On the six-year anniversary of the mortgage bond closing, the FHFA filed suit against Barclays and EquiFirst, stating Freddie Mac purchased certificates issued by the trust on the bond’s closing date.
In its suit, the FHFA claimed that EquiFirst violated the representations and warranties on the underlying mortgages.
The FHFA claimed that Barclays and EquiFirst were “contractually obligated” to cure or repurchase the loans where a breach of the reps and warrants policy had been discovered, but claimed that Barclays and EquiFirst failed to cure or repurchase any of the loans in question.
U.S. Bank filed a similar suit some eight months later, on Oct. 28, 2013, claiming similar breaches.
“As has now become clear, however, instead of selling a pool of loans that satisfied its representations and warranties, EquiFirst violated its contractual obligation by selling for securitization in the Trust many loans that breached its representations and warranties,” U.S. Bank claimed in 2013.
According to U.S. Bank’s filing, loan-level reviews conducted at its own expense revealed EquiFirst’s “extensive” breaches.
“A ‘re-underwriting’ of 143 mortgage loans revealed that 92% of the loans sampled breached EquiFirst’s representations and warranties,” U.S. Bank’s filing stated.
“Moreover, loan-level examinations of additional data revealed that, in addition to the 132 mortgage loans found to be in breach by the re-underwriting, at least 515 mortgage loans breached EquiFirst’s representations and warranties,” U.S. Bank continued. “Based on the information derived from the loan-level review, it reasonably can be inferred that breaches of EquiFirst’s representations and warranties exist throughout the mortgage loan pool it sold for placement into the trust.”
According to U.S. Bank, a later forensic review of the loans found that at least 298 of the 1,023 loans examined—more than 29%—breached one or more of EquiFirst’s representations and warranties.
Additionally, U.S. Bank claimed that dozens of loans originated by EquiFirst had understated loan-to-value ratios and “scores more” had improperly described occupancy characteristics.
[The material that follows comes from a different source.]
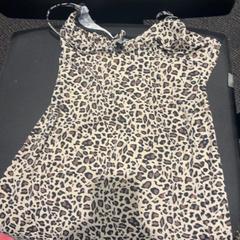 Vestido Panterprint, segundo informou Van der Valk Hotel Utrecht usando iLost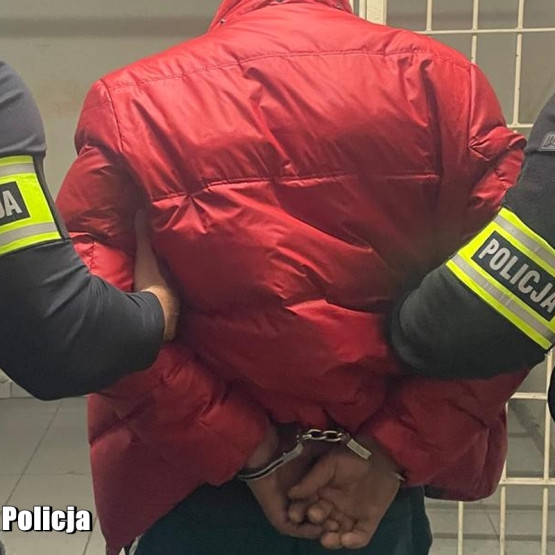 Policjanci prowadzą zatrzymanego mężczyznę; zdjęcie: lubuska.policja.gov.pl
Despite all those claims, the court ruled that the FHFA lacked standing to bring a lawsuit in the first place. The court also ruled that U.S. Bank’s lawsuit was filed after the statute of limitations passed, and did not relate it back to the FHFA’s summons with notice.
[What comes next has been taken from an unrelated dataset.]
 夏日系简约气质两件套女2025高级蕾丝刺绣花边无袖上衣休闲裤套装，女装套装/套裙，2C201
“Defendants contend that EquiFirst’s representations and warranties were made, at the latest, on February, 1, 2007. The court need not determine whether the representations and warranties were made on February 1 or February, 28, 2007,” Judge Friedman wrote in the dismissal.
“Even assuming that the breach of contract cause of action accrued on February 28, given FHFA’s lack of standing, its filing of the summons with notice on February, 28, 2014 was ineffective to commence the action within the statute of limitations,” Friedman continued.